Study of Louisiana’s Unique QRIS Suggests Improvements in Early Ed Quality

Blog Post
July 5, 2021

Decades of research tells us that early care and education (ECE) can be transformative to a child’s school and lifelong success. It also tells us that those early experiences have to be of high quality to be impactful. Unfortunately, high-quality ECE tends to be the exception rather than the norm.

The most notable, broad-scale state efforts to improve ECE quality have been through Quality Rating and Improvement Systems (QRIS). As of 2017, 43 states and DC had implemented state or local QRISs that assess ECE programs. All but one state include a broad set of quality indicators such as staff qualifications and training, curriculum, and environment and interactions. Over concerns that their QRIS was failing to capture the true quality of educational experiences of ECE students across the state, Louisiana took a bold step of dismantling its QRIS and rebuilding it with a single quality indicator: teacher-child interactions. A recently released evaluation of the data from the first four years of Louisiana's new QRIS, Systemwide Quality Improvement in Early Childhood Education: Evidence From Louisiana, indicates that the state’s ECE programs are improving, both across sectors and communities.

There has been no shortage of criticism around QRIS in recent years. Some argue that better QRIS ratings are not necessarily associated with better child outcomes. Another concern is that too many environmental factors aren't a useful gauge for the educational experiences provided by programs and that using several measures can distract from, rather than contribute to, an educator’s focus. Critics also argue that too much emphasis is placed on the ratings and not enough on using the data for program improvement, thereby penalizing struggling programs rather than providing them with targeted support. Steve Barnett of the National Institute of Early Education Research (NIEER) warns that structural features of programs like learning standards, class size, and teacher qualifications and development are preconditions for quality and should not be confused with “the essence of high quality”: great teachers who provide excellent teaching.

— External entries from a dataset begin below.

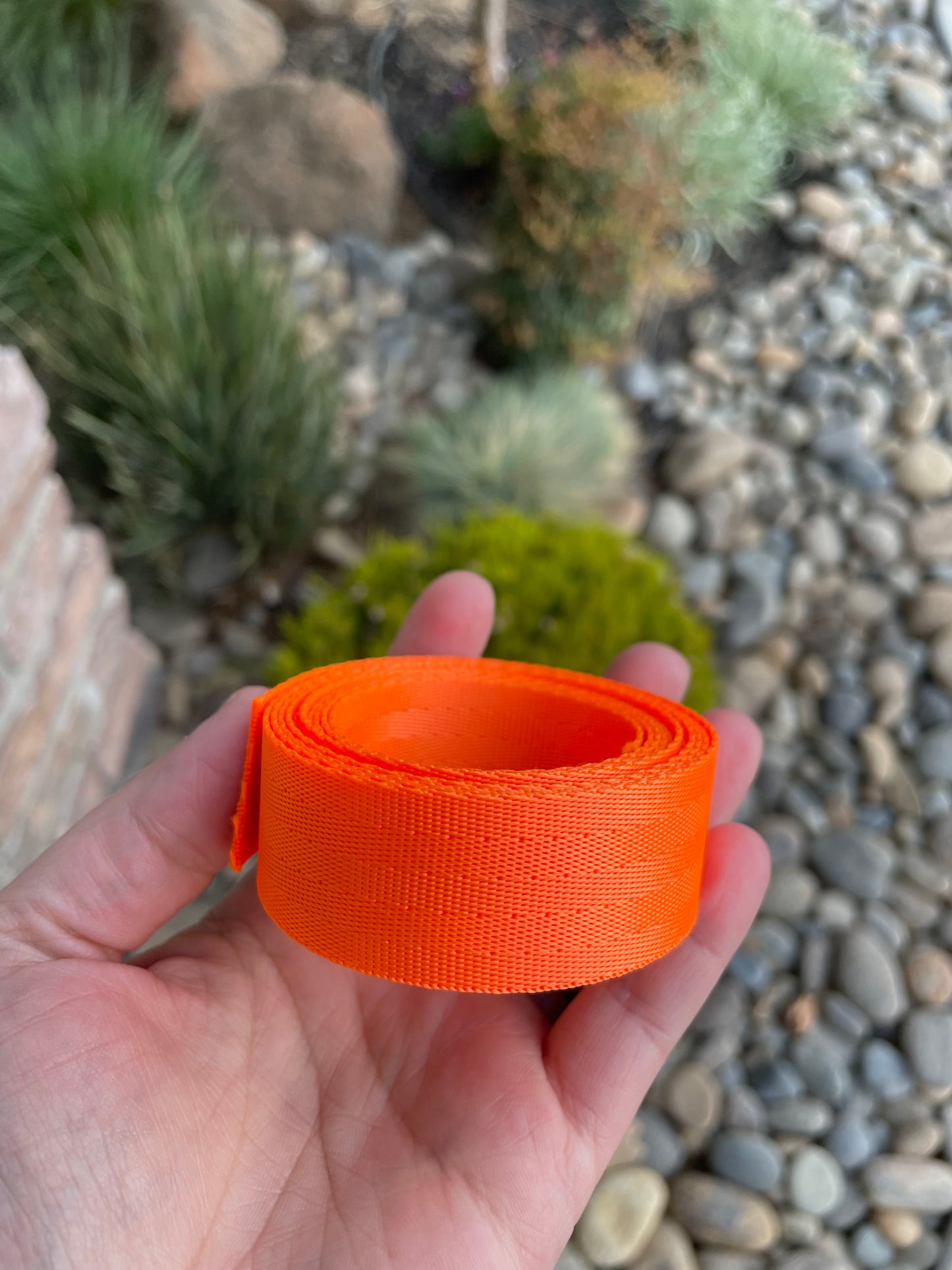 Neon Orange 1” Seatbelt Webbing (by the yard)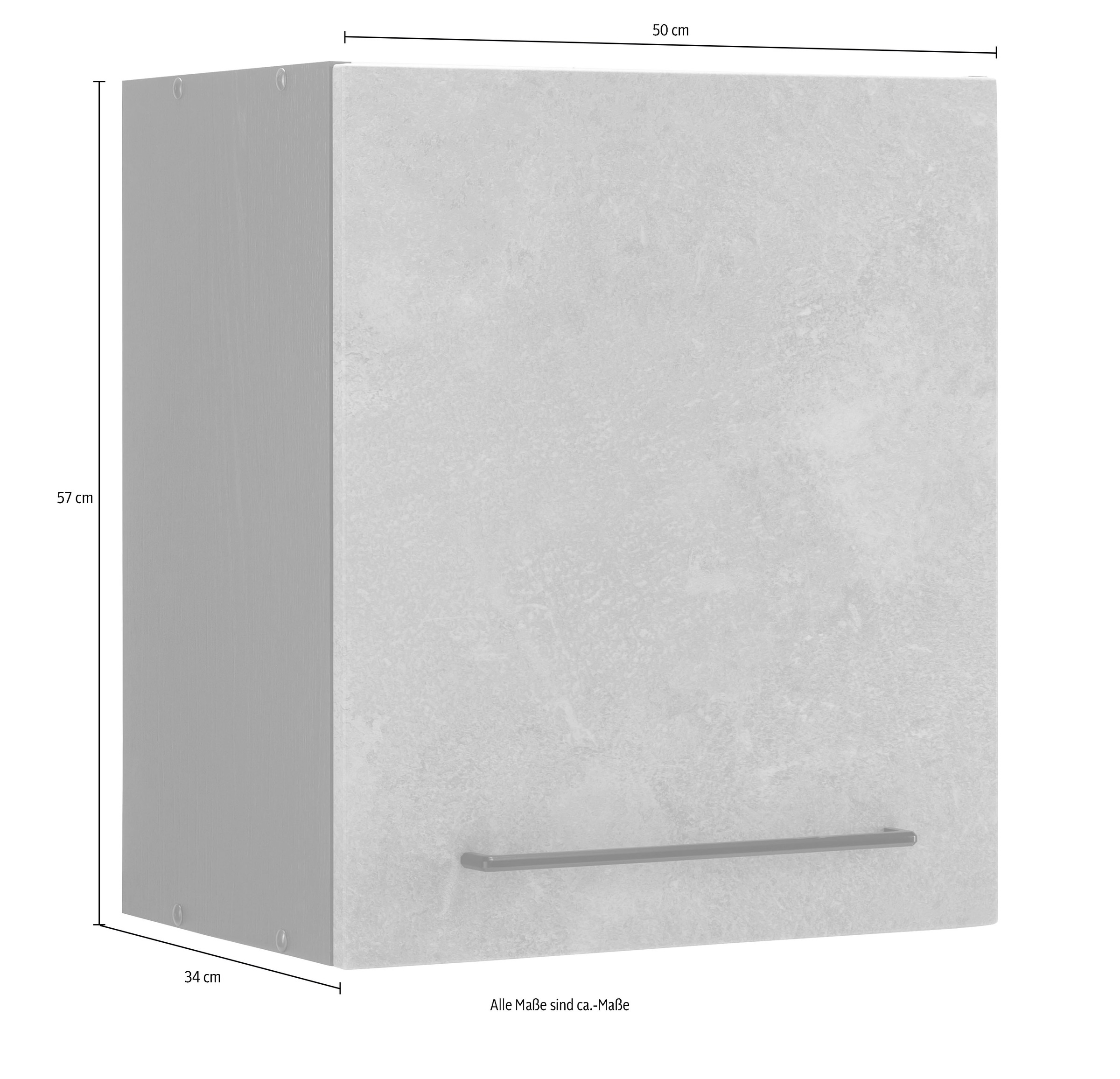 HELD MÖBEL Hängeschrank »Tulsa«, 50 cm breit, 57 cm hoch, 1 Tür, schwarzer Metallgriff, MDF Front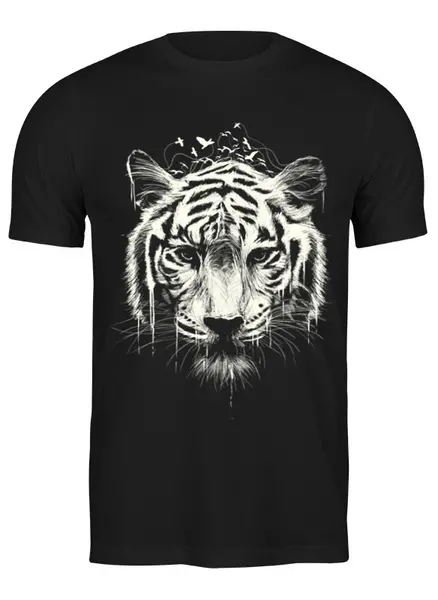 Заказать мужскую футболку в Москве. Футболка классическая Белый тигр от printik - готовые дизайны и нанесение принтов.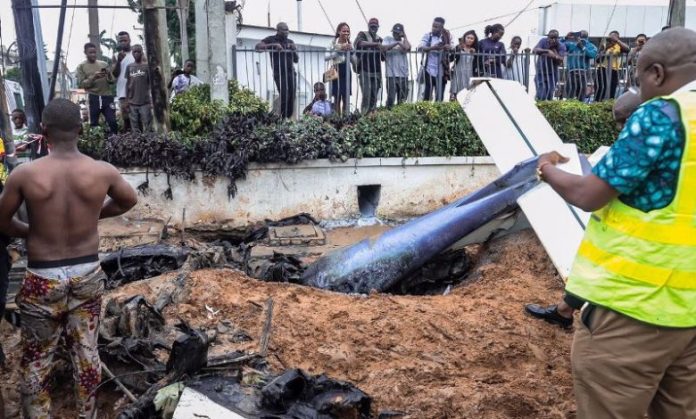 Photos/Videos from Scene of Helicopter Crash in Lagos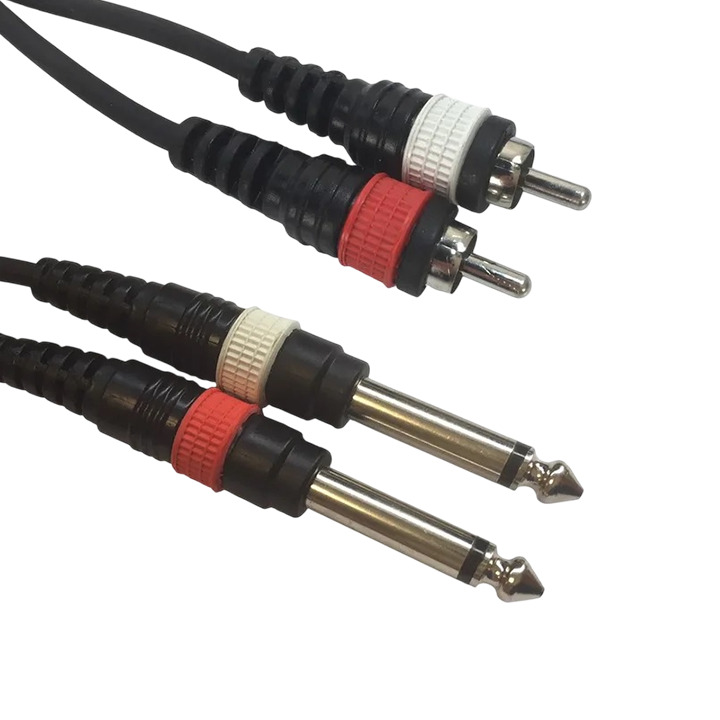 Adapter Cable | 2 x RCA (male) to 2 x 6,3mm jack (male)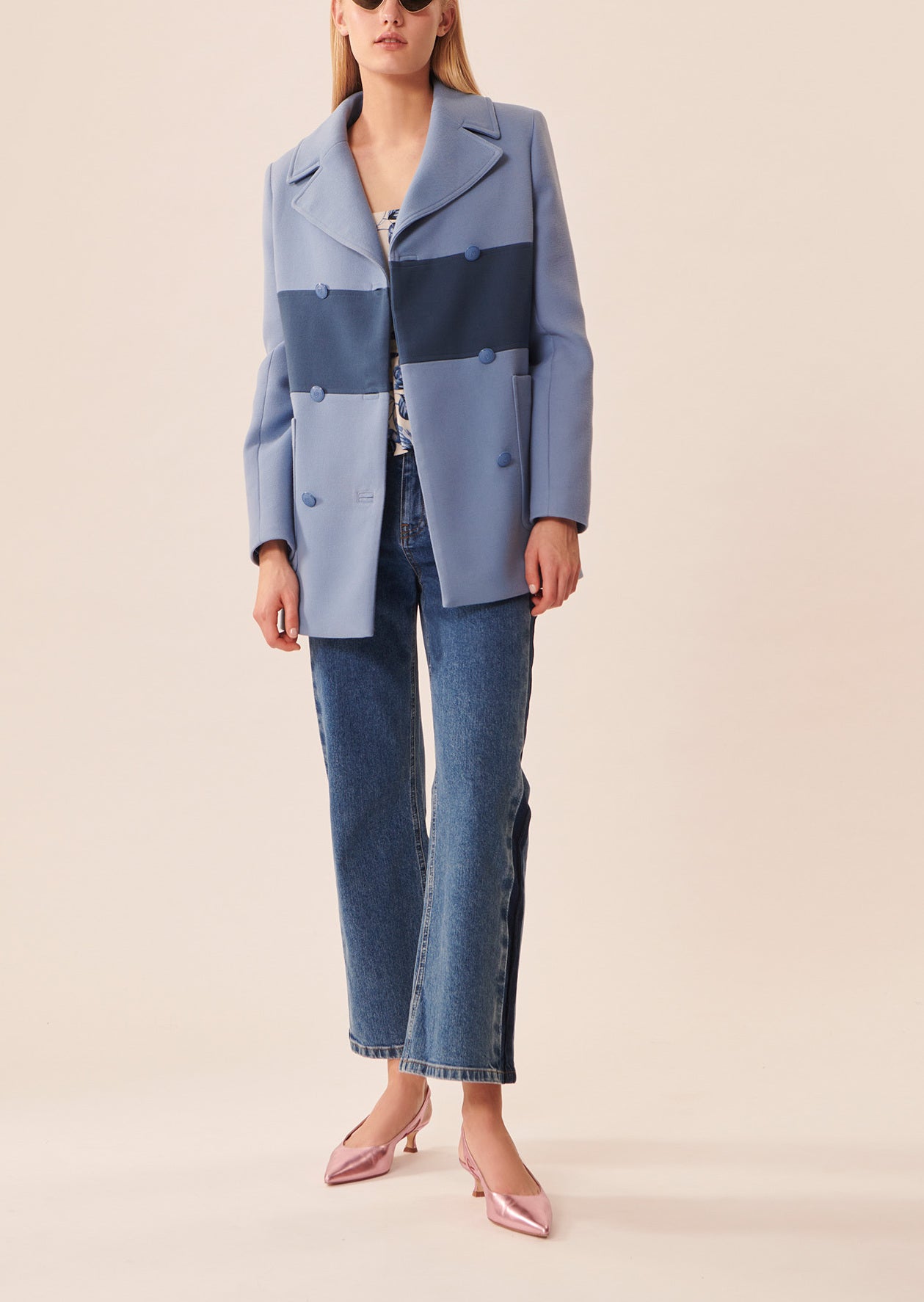Manteau Marinella bleu en double coton Faume - seconde main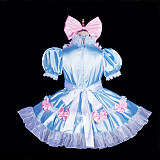 Fondcosplay Handmade Lockable Sissy Maid Crossdressing Satin Dress with Bows – Blue & Pink [G3836]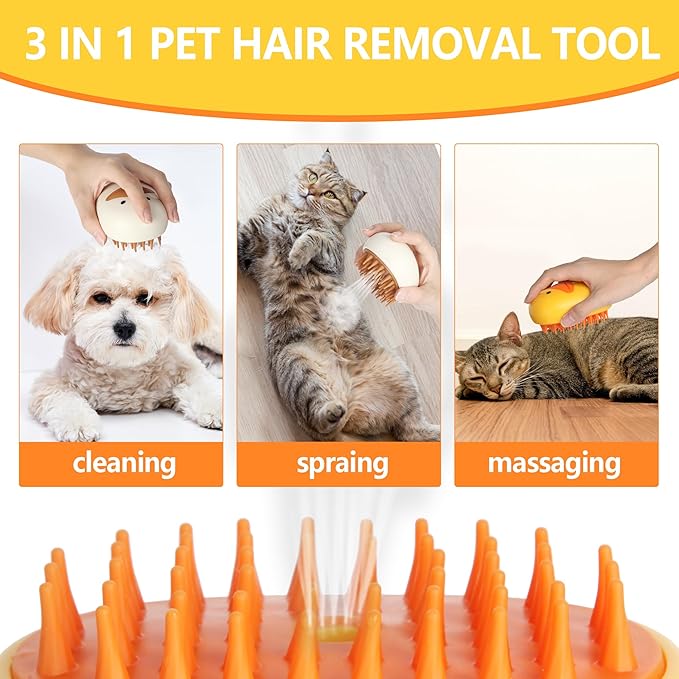 3 in 1 Cat Steam Brush for Shedding Spraing Cleaning and Massaging Dog Pet Hair Brush (White)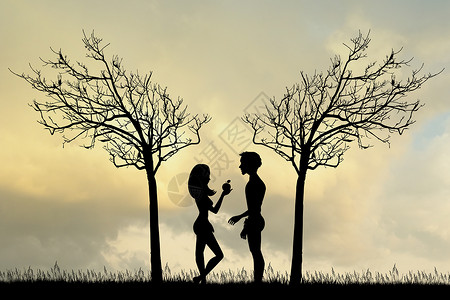 亚当和夏娃在伊甸园中日落夫妻地球宗教花园插图水果圣经起源天堂背景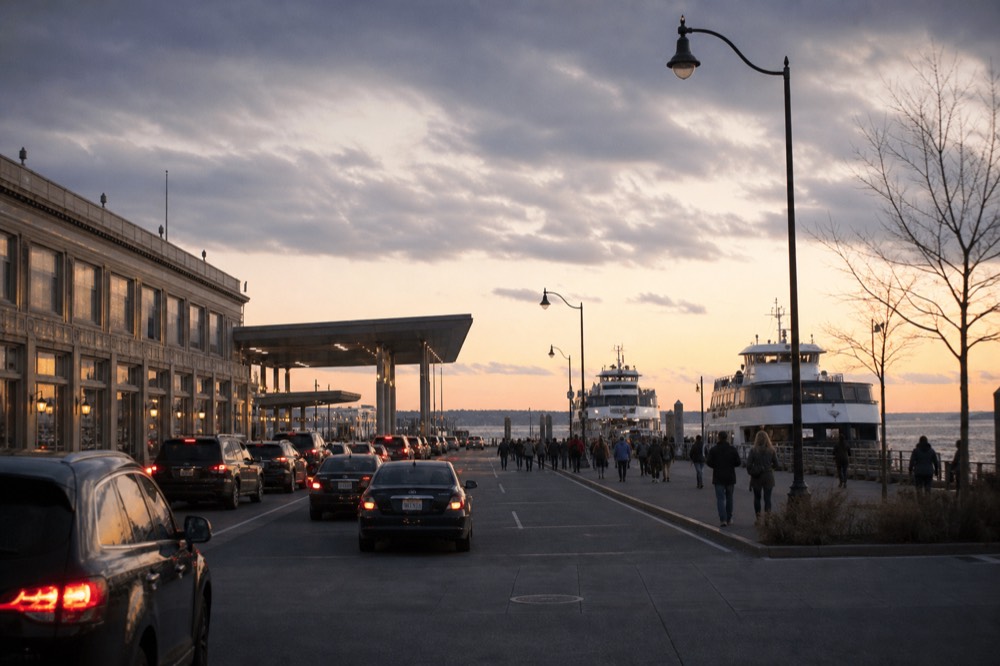 Waterfront pier complex entrance at dusk with vehicles queuing and pedestrians crossing a wide riverside avenue toward moored vessels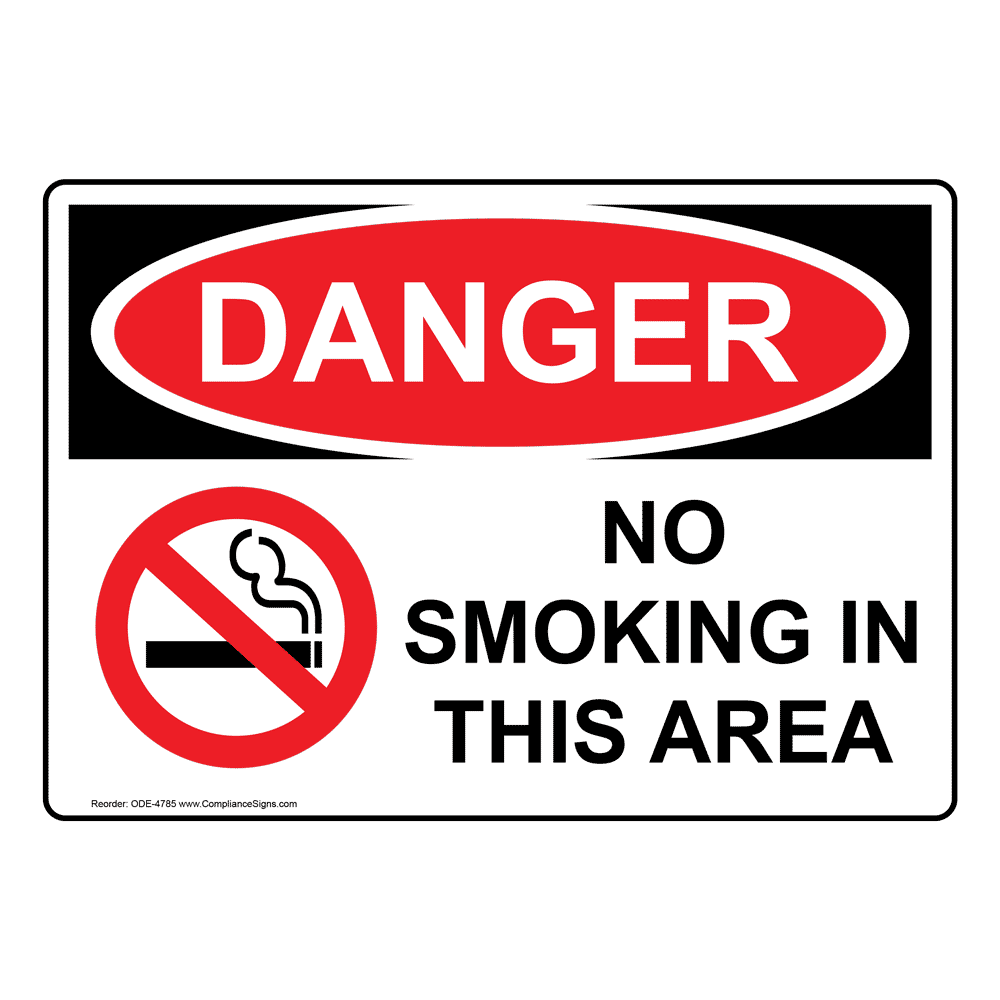 OSHA DANGER No Smoking In This Area Sign With Symbol ODE-4785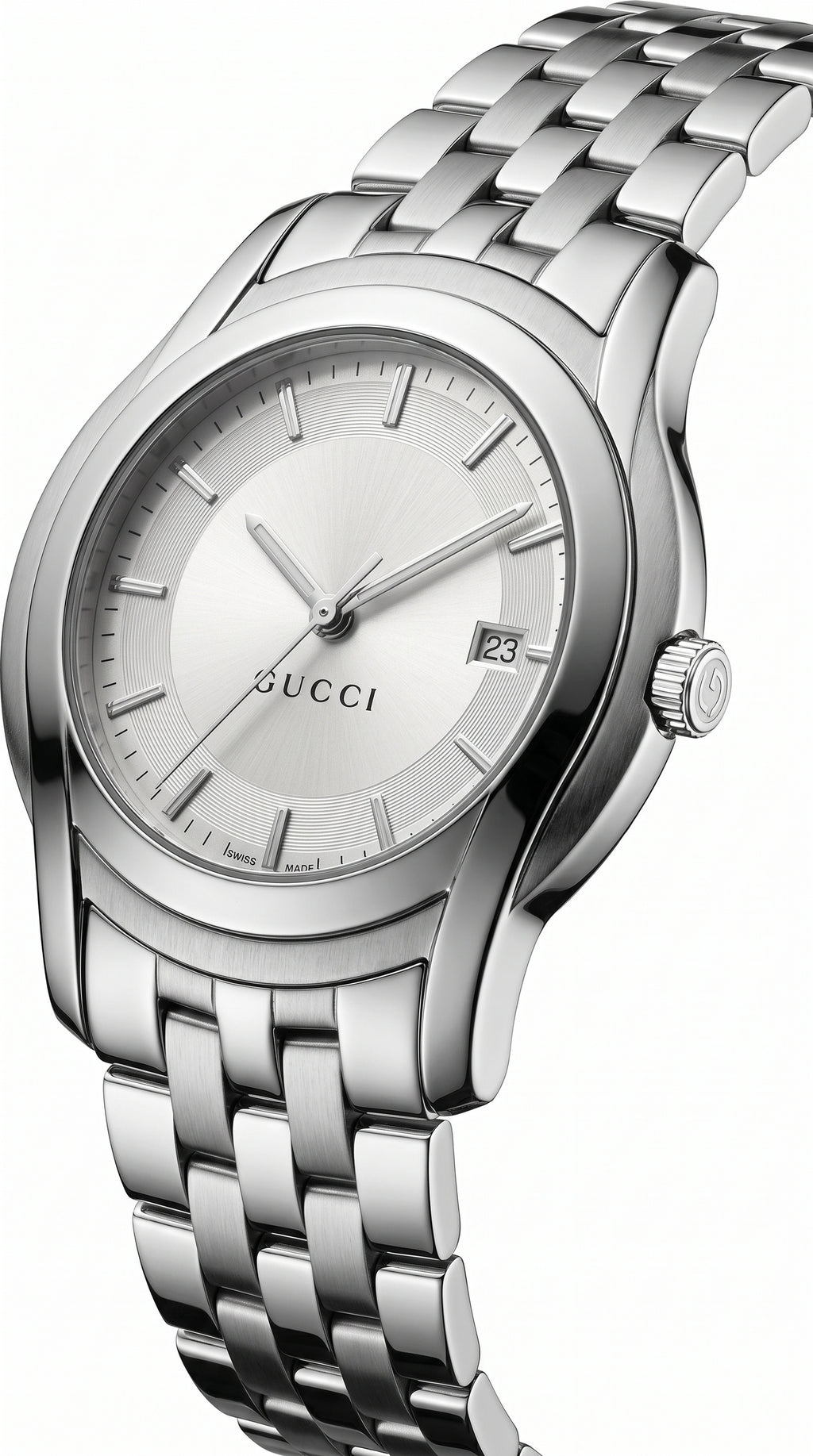Gucci – 5500XL Stainless Steel Men’s Watch (White Silver Dial)
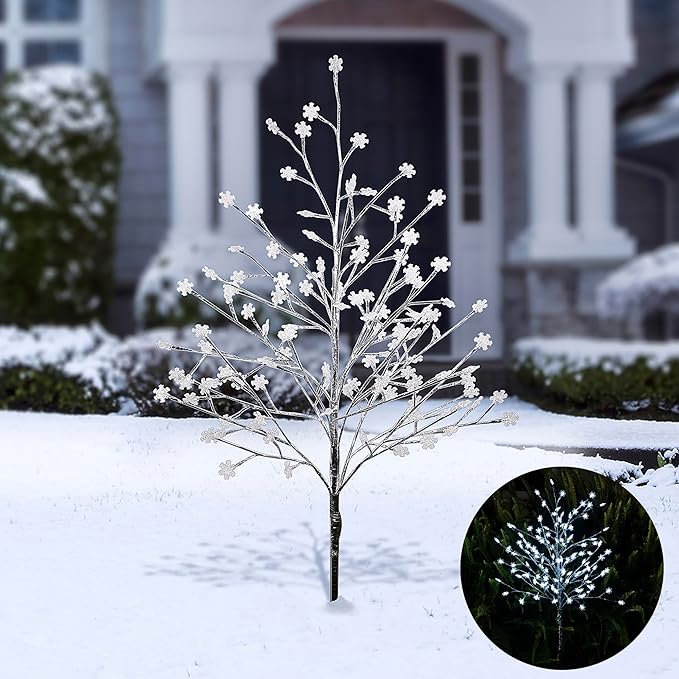 Alpine Corporation 58"H Indoor/Outdoor Frosty Christmas Snowflake Tree with LED Lights , Christmas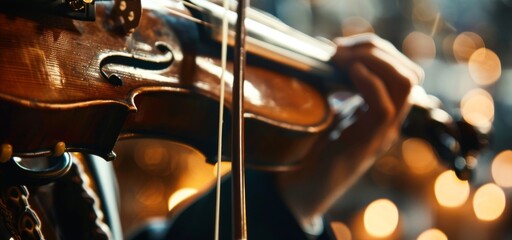 Musical artist playing the violin in a close-up shot, showcasing the beautiful details of the instrument - obrazy, fototapety, plakaty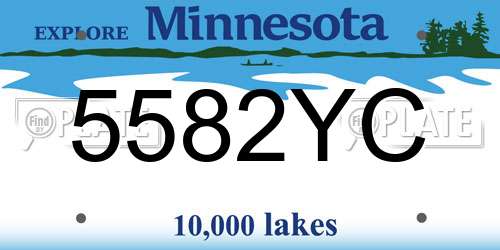 5582YC Minnesota License Plate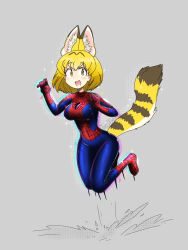  1girl :d absurdres animal_ear_fluff animal_ears animal_print artist_name blonde_hair blue_bodysuit blush bodysuit breasts cat_ears cat_girl cat_tail clenched_hand commentary cosplay curled_fingers extra_ears full_body grey_background hair_between_eyes hands_up highres jonstrange0613 jumping kemono_friends kemono_friends_2 large_breasts legs_together legs_up looking_at_viewer marvel midair motion_lines multicolored_bodysuit open_mouth print_bodysuit raised_eyebrows red_bodysuit serval_(kemono_friends) short_hair signature smile solo spider-man spider-man:_into_the_spider-verse spider-man_(cosplay) spider-man_(series) spider-verse spider_print spider_web_print striped_tail superhero_costume tail two-tone_bodysuit yellow_eyes yellow_tail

Since the rollout of its new QRIS in 2015, all publicly funded programs in Louisiana, including subsidized child care, Head Start, and state pre-K programs, have been evaluated based on Classroom Assessment Scoring System (CLASS), a well-known tool for measuring the quality of child-adult interactions. CLASS is a factor in multiple QRISs around the country, but Louisiana is the first state to use CLASS scores as the exclusive indicator of quality.

Five years later, Louisiana has produced the first dataset that offers a longitudinal and systemwide look at ECE quality over a four-year period that was characterized by substantial policy changes aimed at improving program quality. The recent study utilizes Louisiana’s data to assess systemwide quality and improvement trends over the four-year period as well as variations across sectors and communities. The authors credit their ability to track whether quality did in fact improve, and how patterns differed across sectors and communities, to the state’s investment in comprehensive data collection—including CLASS observation data from every publicly funded ECE classroom in the state.

The results are encouraging. Programs can receive one of four ratings: unsatisfactory, approaching proficient, proficient, and excellent. Statewide, proficiency increased 23 percentage points, from 62 percent to 85 percent. The findings also reveal substantial differences in average CLASS scores across sectors, with rates of proficiency far higher in state-funded pre-K programs and Head Start programs as compared to child care centers. Notably, however, growth in CLASS scores was greatest in child care centers, which narrowed the gap by nearly 60 percent between those centers and Head Start programs by the end of the four years. Differences were also noted based on parish (district) level risk based on economic, health, and educational factors. Providers located in low-risk areas (parishes one and two) scored notably higher on the CLASS assessment, although findings were not linear across the two high-risk parishes.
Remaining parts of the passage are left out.